New-and-Improved Alge Crumpler Ready to Lead by Example in Foxboro

FOXBORO, Mass. — As Alge Crumpler strolled through the Patriots' media workroom on Thursday afternoon, one thought breezed through the collective mind of all in attendance: Where'd the rest of him go?

The tight end has struggled to remain in shape in recent years, to the point where one league source who saw him last season said Crumpler looked as close to a professional athlete as Santa Claus. But Crumpler just emerged from an intense six-week training session with legendary fitness guru Mackie Shilstone, and the new member of the Patriots looks much healthier.

"Perception is everything," Crumpler said. "I wanted to make sure I was in the physical condition to walk into a locker room and be able to work, [be] around guys and be able to show I can lead by example, also. Admittedly, I hadn’t done a lot early in the offseason. I was resting my body, and I just felt like I wasn’t in the shape to come into a locker room and be behind [physically]. I didn’t want to give that perception. I was able to work that out, get my training done and I've been here this week. It's been great. It really has."

Crumpler signed a two-year deal with the Patriots in March, immediately immersed himself into a fitness program and reported to Gillette Stadium this week. He spent seven seasons with the Falcons and his last two years in Tennessee, and he has earned the reputation as one of the best blocking tight ends in the NFL.

Crumpler's receptions have hit a recession since his fourth consecutive Pro Bowl season in 2006. Though he was mostly used to block in Tennessee, it's only natural to believe his weight played a factor in the statistical decline. Crumpler was perfectly fine with his role change, though, insisting he'll do anything as long as the coaching staff is upfront and honest with how they prefer to use him.

"I don’t want to say I was out of shape," Crumpler said. "I was very effective playing, especially in the role that I was in [during] the last couple years. I fit that system really well and did the things I was asked to do. That’s what I'll do. I'll always do the things I'm asked to do. If I can do little things here or there to expand that role, and it helps, then I'm all for it."

Crumpler will likely fill the blocking role in New England, too, and the soft-spoken, polite 32-year-old will also serve as a mentor to draft picks Rob Gronkowksi and Aaron Hernandez.

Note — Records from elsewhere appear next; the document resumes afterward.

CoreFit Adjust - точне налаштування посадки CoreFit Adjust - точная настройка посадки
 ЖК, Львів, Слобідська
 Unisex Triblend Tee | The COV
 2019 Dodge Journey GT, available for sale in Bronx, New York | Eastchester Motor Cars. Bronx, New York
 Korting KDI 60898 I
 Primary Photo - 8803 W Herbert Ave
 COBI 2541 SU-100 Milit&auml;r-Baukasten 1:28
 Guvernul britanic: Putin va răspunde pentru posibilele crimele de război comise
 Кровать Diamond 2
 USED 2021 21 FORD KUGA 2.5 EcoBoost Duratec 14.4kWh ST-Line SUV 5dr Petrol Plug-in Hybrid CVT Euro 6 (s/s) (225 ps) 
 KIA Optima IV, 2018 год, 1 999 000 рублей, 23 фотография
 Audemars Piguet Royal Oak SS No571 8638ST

Passing knowledge is something Crumpler has always enjoyed, and he is excited to work with the younger guys once they return for the team's next camp later this month.

That’s not all that has Crumpler in good spirits, though. After amping up his workout regimen, Crumpler has been in a better place, and it might even do wonders for his 2010 season.

"All that matters is I feel great every day, and that’s a good thing," Crumpler said. "I feel better when I'm working out than I do when I'm resting now. A lot is going to be expected of me here, so I just want to make sure I'm ready for it."